Charles Duncombe said, based on research, that a single spelling mistake on a webpage can cut online sales by up to 50 per cent.
Mr Duncombe, who runs travel, mobile phones and clothing websites, said the main problem is not technology for online firms, but staff who can't spell.
"Often these cutting-edge companies depend upon old-fashioned skills," said Mr Duncombe to the BBC.
Figures from the Office for National Statistics published last month showed internet sales in the UK running at £527m per week.
"I know that industry bemoaning the education system is nothing new but it is becoming more and more of a problem with more companies going online.
"This is because when you sell or communicate on the internet 99% of the time it is done by the written word."
However, language expert Neil Taylor, from The Writer, believes there is more to an online business than just correct spelling.
"Yes, dodgy spelling can make you look unprofessional, or at the very least, that your attention to detail isn’t what it could be," he said.
"But accurate writing alone doesn’t make people warm to you, or be persuaded by you, or interested in you. Being a good proofreader doesn’t make you a best-selling novelist.

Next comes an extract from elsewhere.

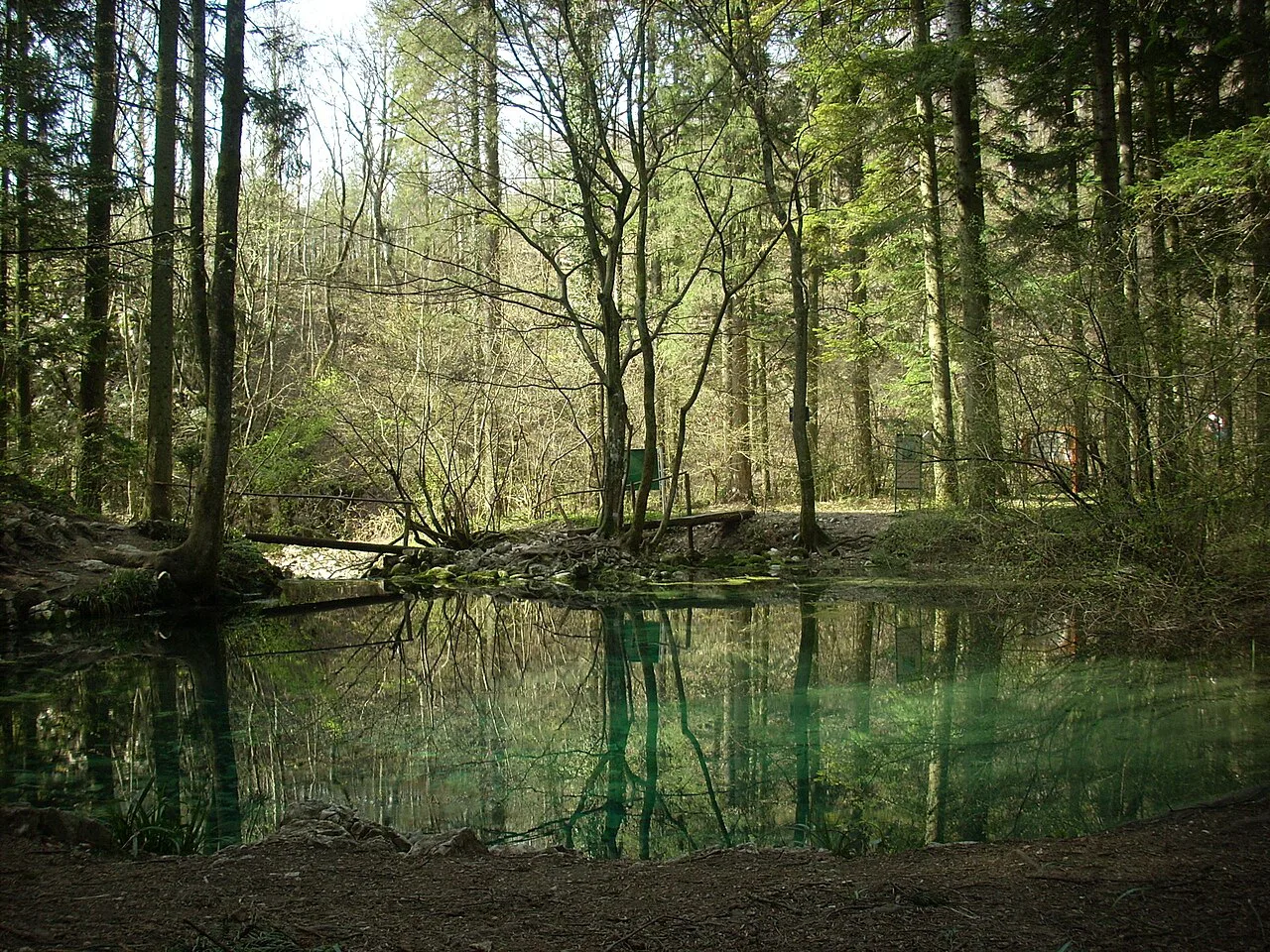 Ochiul Beiului lake in the forest.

"That’s much more to do with the way you write. Lots of businesses write to customers ‘professionally’, but don’t give the sense that they really care, or understand what matters to customers.
"And lots of people produce faultless CVs, but they’re too anonymous to tempt anyone to interview them (and in fact, most people would forgive a few typos in a CV if that person looked interesting enough to meet).
"Spelling and grammar are hygiene factors. Personality makes the difference."